Ci-dessus, de gauche à droite. (ill. 1) Justus van Gent (1410-1480). Portrait de Dante (ca 1474), coll. Palais ducal, Urbino ; (ill. 2) Dominique Irma Dalozo. A la croisée des chemins (1991), technique mixte sur papier, 37 x 27 cm (coll. privée), œuvre signée au coin inférieur droit et datée au verso ; (ill. 3) Edmund Leighton (1852-1922), The end of the song. Tristan et Iseult surprise par le roi Marc’h (1902), coll. privée.


DE QUELQUES ELEMENTS BIOGRAPHIQUES

Peintre indépendante d’origine argentine, Dominique Irma Dalozo naît dans ce pays en 1920, suit une scolarité qui donne une forte importance à la culture humaniste. Avec le soutien de Richard Weibel, attaché culturel de France en Argentine, elle gagne l’Hexagone pour effectuer un voyage d’études à la fin de la Deuxième Guerre Mondiale. Elle s’établit dans le 15e arrondissement de Paris où elle décède en 1997.
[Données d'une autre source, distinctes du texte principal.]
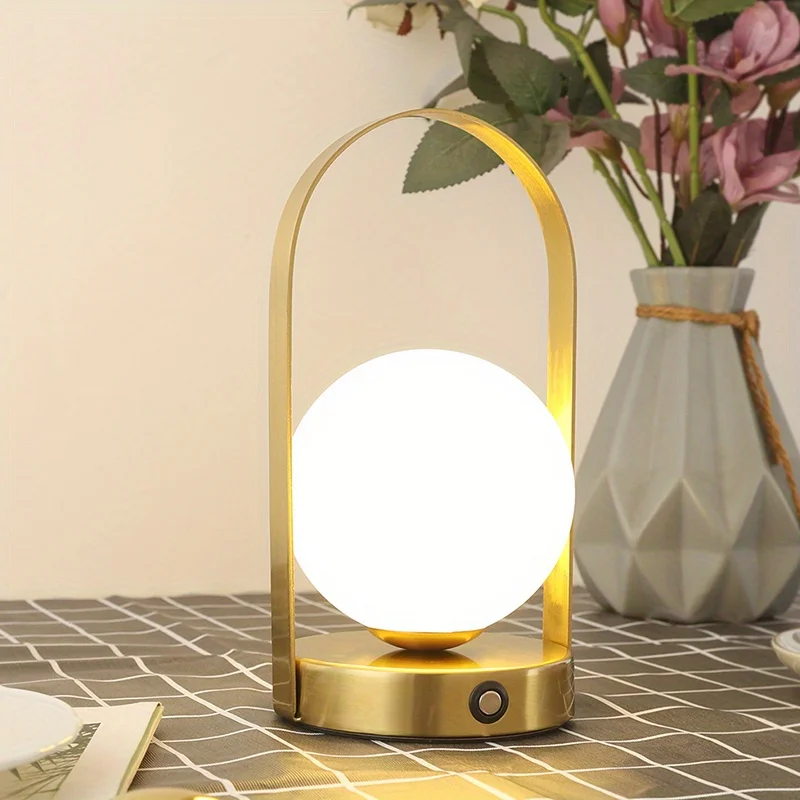 Stolní Lampa Bez Drátu — Nastavitelná Intenzita Světla 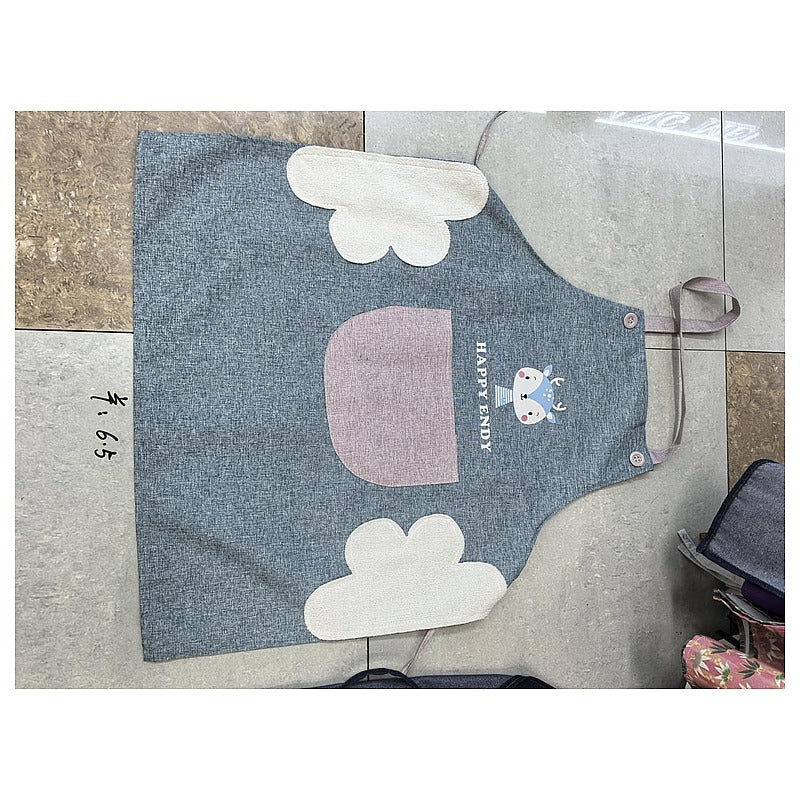 YMJ-A3 - DELANTAL INFANTIL CON DISEÑO DE NUBES (400/1)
Elle laisse un fonds de plus de 2000 dessins sur papier et d’œuvres sur panneau de bois. Cette masse importante d’œuvres s’est étoffée durant ces décennies d’une vie quotidienne et artistique partagée avec une amie proche, Yvonne Bilis Régnier (1926-2017). Les deux femmes ont fréquenté le milieu culturel parisien, ainsi, à la familiarité avec ce microcosme intellectuel et artistique s’ajoutent les visites aux musées et aux collections privées nombreuses qui reflètent l’élégance de leur sensibilité (musée du Louvre, musée Jacquemart-André… Ce talent naturel allié à un imaginaire foisonnant a produit un style et une thématique particuliers.

DU PAYSAGE IDEAL

Attirée par la peinture et les thématiques picturales de la Renaissance, Dominique Irma Dalozo conçoit un art du paysage fortement influencé par l’Antiquité. Cette humaniste adopte ainsi un système de représentation du monde ayant la Nature visible et sensible pour modèle, mais une Nature hors de portée de l’humain dans son ensemble, même si cet élément s’y trouve intégré, caché, dissimulé, à l’égal des végétaux et de l’infinité des êtres qui le peuplent. Comme les artistes de la période, elle se livre à un travail systématique visant à définir rigoureusement une perspective linéaire capable d’organiser clairement l’image. Ce travail, lié à l’observation concrète des détails de la Nature, va transformer progressivement la surface peinte en « fenêtre ouverte » sur le monde, en un spectacle, en une scène dans lesquels les acteurs vont prendre place. La scénographie ainsi générée devient un lieu quasi paradisiaque. Comme le propose Pierre de Brach (Bordeaux, 1547 – Montussan, 1604), dans son Voyage en Gascongne, l’œuvre est « une large estendue d’un paisage champestre où nostre oeil se déçoit ». En d’autres termes, comme le synthétise cette définition du Dictionnaire de l’Académie, il s’agit alors « d’une étendue de pays que l’on voit d’un seul aspect ». Certes, le paysage de la Renaissance rend compte des données de la perception visuelle, mais aussi de ses limites. D’une part les paysages sont fleuris des réminiscences de l’art de la peinture italienne de la Renaissance, de l’autre, les compositions révèlent des personnages se confondant avec les éléments naturels, denses, auxquels sont mêlés des vestiges archéologiques d’époque romaine.

A LA CROISEE DES CHEMINS,

Un dessin portant au verso la date de 1991, A la croisée des chemins, est, de prime abord, étonnant autant par certains de ses éléments constitutifs que par sa composition.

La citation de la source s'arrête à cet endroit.